BREVES APUNTES SOBRE METODOLOGÍA Y DIALÉCTICA
En el seno de la Table ronde internationale du C. N. R. S. (Centre Nacional de la Recherche Scientifique), y su publicación Collage et montage au théâtre et dans les autres arts durant les années vingt, no se eligió directamente el collage y el montaje como objetos de estudio sino que, tras una búsqueda del nexo que permitiera relacionar el teatro con otros registros expresivos, concluyeron que era precisamente la interdisciplinariedad de esos registros, el punto de unión que buscaban (Denis Bablet, 1978: 10), siendo, tal y como lo ha propuesto Erika Billeter en esta misma publicación, no únicamente una cuestión técnica, sino un problema artístico nuevo, “la integración de la realidad en el mundo de los cuadros artificiales” (Denis Bablet, 1978: 20). Tampoco en las jornadas de estudio organizadas por Claude Amey y J. P. Olive en la Universidad Paris y la MSH Paris Nord en noviembre del 2002, se estableció el fragmento como objeto en sí, sino en tanto que elemento susceptible de sintetizar la nueva situación cultural, caracterizada por haberse enfrentado a un cuestionamiento inaudito de las fronteras que separan el arte de la vida (Claude Amey et J. P. Olive,2004: 9).

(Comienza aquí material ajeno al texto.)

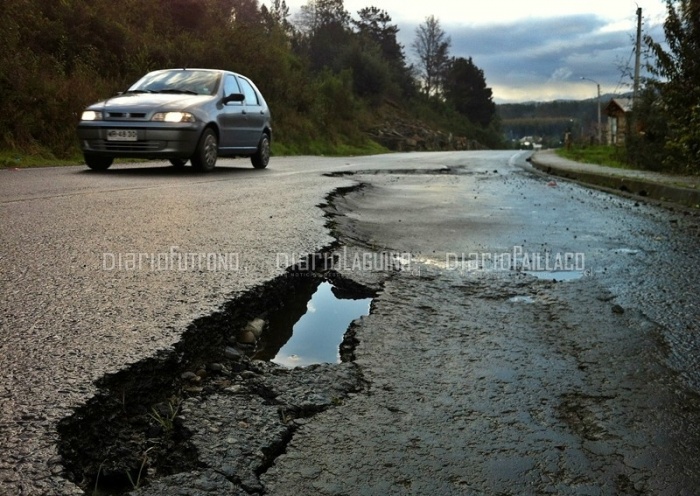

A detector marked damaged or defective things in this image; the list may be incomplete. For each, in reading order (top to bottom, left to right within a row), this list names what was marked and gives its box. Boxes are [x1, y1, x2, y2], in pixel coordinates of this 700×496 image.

large pothole [56, 258, 378, 494]
water puddle in pothole [252, 280, 372, 366]
cracked asphalt [1, 153, 700, 494]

En cambio, todo apunta a que, cuando se hubo tomado plena conciencia del collage y pudo citarse algunos de sus precedentes literarios, desde Baudelaire y Rimbaud hasta Lautréamont, Mallarmé y Jarry, es decir, con la revisión del surrealismo, se supo que, más que conformar un lenguaje nuevo, el collage buscaba la disolución misma del lenguaje. Esta ofensa a lo establecido, que empieza de lleno con la vertiente pictórica, ya se centró mucho antes en preocupaciones similares dentro del terreno literario -por ejemplo la confrontación de la imprenta y del periodismo con la alta literatura por parte de Mallarmé (Del periodismo lamenta Mallarmé su función de reportaje basado en “narrar, enseñar, incluso describir”, contagiando a otros géneros literarios. En cambio, él se apropia de la tipografía en Un coup de Dés para sus propios fines metalingüísticos: “Un libro como no me gustan, los desparramados y privados de arquitectura. Ninguno escapa decididamente, al periodismo… La excusa, a través de todo este azar, que el ensamblaje se ayudó, solo, por una virtud común”, y “hay que cortar siempre el comienzo y el fin de lo que se escribe. Nada de introducción, nada de final”, Stéphane Mallarmé, 2002: 29y 39. Ver además las pp. 33 y 78-79. Mallarmé no desprecia la imprenta pero sí el hecho de que el periodismo, consecuencia de su mecánica, tan sólo haya legado a los otros géneros un afán representativo que niega la autonomía, no de la narración ni de la poesía tan siquiera, sino del libro mismo, principal objetivo en su carrera poética.) -, no puede responder únicamente a razones artísticas incapaces de explicar por sí mismas los cambios acaecidos en la Historia del Arte. El lenguaje, tanto literario como plástico, es atacado por ser la emanación de un estado de separación que acarrea cierta sociedad en una determinada época y, por tanto, hablando de alienación, atañe a la dialéctica fundamental existente entre el sujeto y el objeto. El lenguaje artístico es atacado en tanto que es el producto de un desajuste general entre la expresión cultural y su época. Es en este fenómeno donde radica nuestro punto de vista histórico.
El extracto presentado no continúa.